*ASSIGNMENT*. Print the listing below exactly.

*STORED DATA*.
========================
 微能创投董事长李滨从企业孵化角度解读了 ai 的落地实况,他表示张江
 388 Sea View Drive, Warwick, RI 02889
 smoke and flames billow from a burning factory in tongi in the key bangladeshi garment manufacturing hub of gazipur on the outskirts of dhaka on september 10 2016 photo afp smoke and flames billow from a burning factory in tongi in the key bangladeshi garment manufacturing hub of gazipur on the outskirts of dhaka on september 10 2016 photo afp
========================
*RESULT FOR THIS TASK*.
 微能创投董事长李滨从企业孵化角度解读了 ai 的落地实况,他表示张江
 388 Sea View Drive, Warwick, RI 02889
 smoke and flames billow from a burning factory in tongi in the key bangladeshi garment manufacturing hub of gazipur on the outskirts of dhaka on september 10 2016 photo afp smoke and flames billow from a burning factory in tongi in the key bangladeshi garment manufacturing hub of gazipur on the outskirts of dhaka on september 10 2016 photo afp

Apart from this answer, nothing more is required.